Projecto sobre Autarquias Locais beneficiará três mil cidadãos em Benguela

1/9/2021 1:10 PM

Cerca de 3 mil e 700 cidadãos em Benguela serão beneficiados pelo Projecto COSCA – Capacitando Organizações da Sociedade Civil para o Processo Autárquico”.

O projecto, com duração de 26 meses, está a ser implementado pela ADRA em onze municípios das províncias de Benguela, Malanje e Luanda, com o objectivo de contribuir para a participação activa dos cidadãos no processo de implementação das autarquias locais.

A iniciativa tem o apoio da Fundação Hanns Seidel, organização Alemã. Na província de Benguela, o Projecto COSCA-Angola vai beneficiar directamente 819 pessoas, das quais 257 mulheres, e indirectamente 3.767 pessoas, nos municípios da Ganda, Cubal, Baía-Farta e Benguela.

Entre os beneficiários directos fazem parte os membros de associações e cooperativas agropecuárias e promotoras dos direitos humanos, nos municípios de intervenção.

Estes dados foram apresentados nos Workshops de Apresentação do Projecto, decorridos nos dias 19 e 20 de Agosto, nas cidades da Baía-Farta, Cubal e Ganda.

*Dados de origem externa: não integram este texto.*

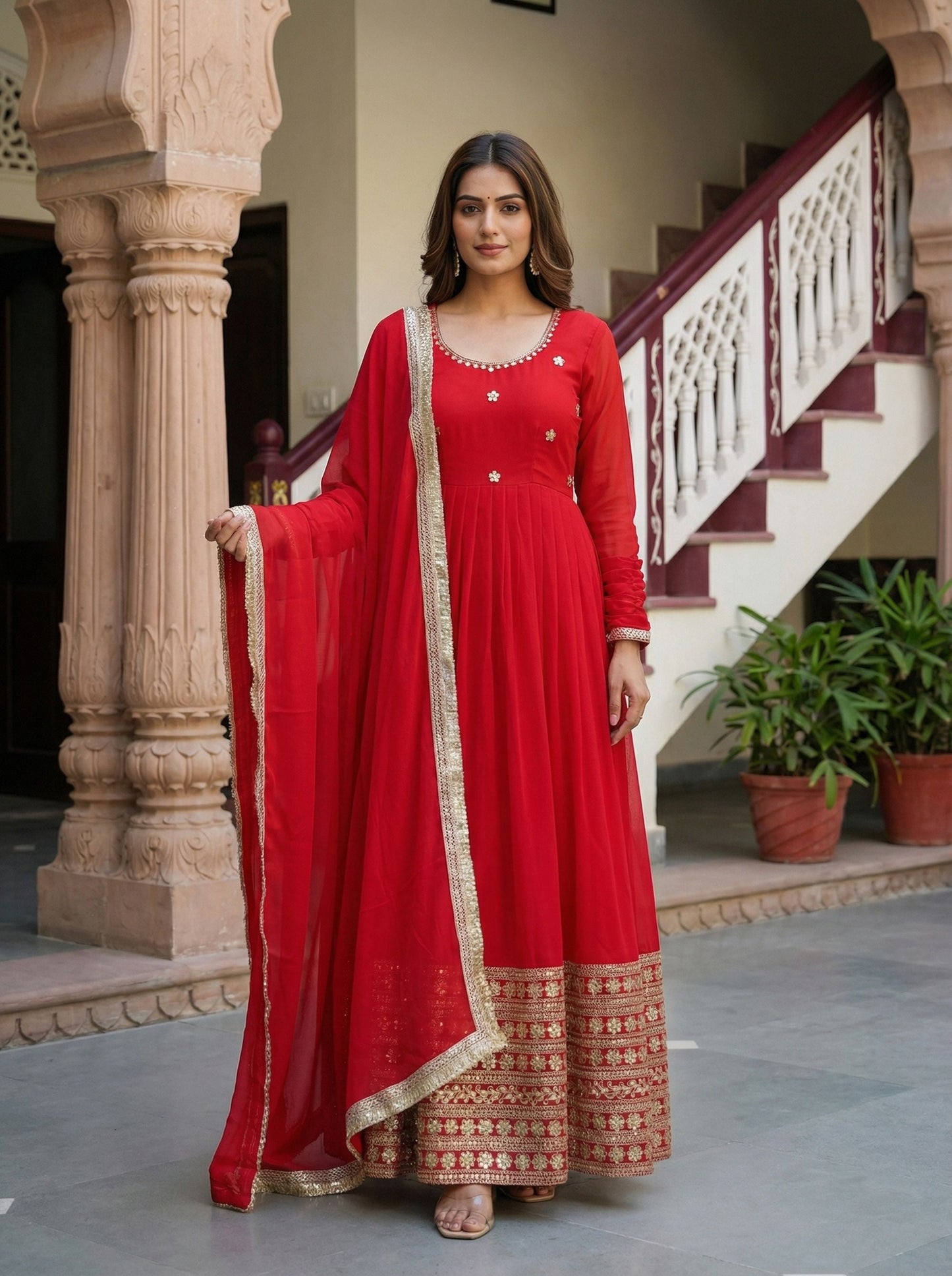 Elegance Red Embroidered Flared Sequence Zari Designmer Festive Gown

No total, participaram nos Workshops 116 pessoas, das quais 53 mulheres, entre quadros de instituições públicas, membros de associações e cooperativas, autoridades tradicionais, representantes de igrejas, partidos políticos, estudantes, representantes de comissão de moradores, de Organizações da Sociedade Civil, membros de comités de Gestão do Orçamento Participativo e dos Conselhos Municipais da Juventude.

“Não está bom que as decisões para o desenvolvimento do povo do Cubal dependa de Luanda ou de Benguela; nós temos de votar o nosso próprio Administrador para em conjunto decidirmos o desenvolvimento do município”, afirmou Celina Vikeya, de 63 anos, membro da Cooperativa agropecuária Ukutyuka, no Cubal.  

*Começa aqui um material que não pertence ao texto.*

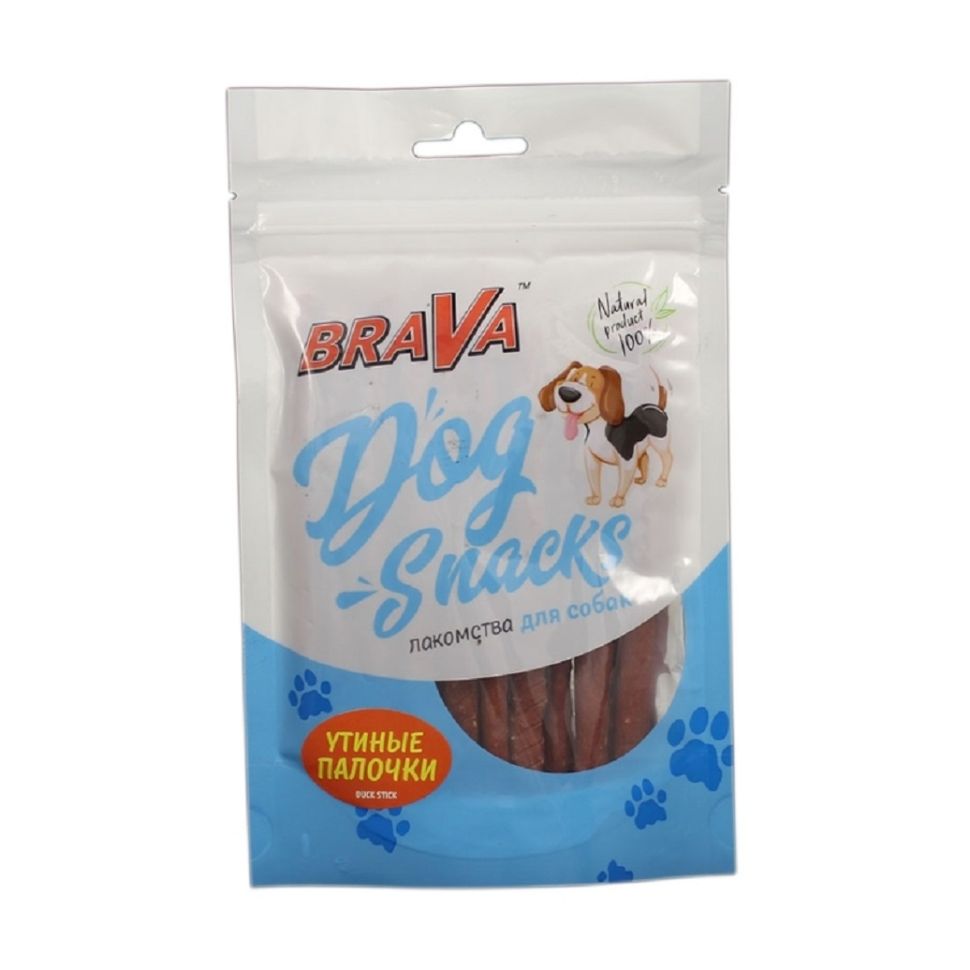 BRAVA лакомство для собак сушеные Утиные палочки 90 гр.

Ana Ngueve, soba do Bairro da Lomba, do Município da Ganda, afirma que o projecto chega no momento certo, de forma a educar civicamente as pessoas, antes da implantação das Autarquias Locais, sobretudo para mitigar os “problemas de intolerância política” a nível do município.

“Esse problema aqui na Ganda dá medo: pessoas mesmo são famílias, mas lutam só porque um defende o galo e outro, a estrela”, sustenta a autoridade tradicional, que diz sentir-se feliz com a iniciativa.
“Vai nos ajudar a evitar problemas deste tipo [intolerância], que já costumámos a ver nas eleições e já estamos a ver agora na pré-campanha”.

No município da Baía-Farta, os participantes consideraram o projecto relevante para o contexto, mas enfatizaram a necessidade de se expandir para os demais municípios do País.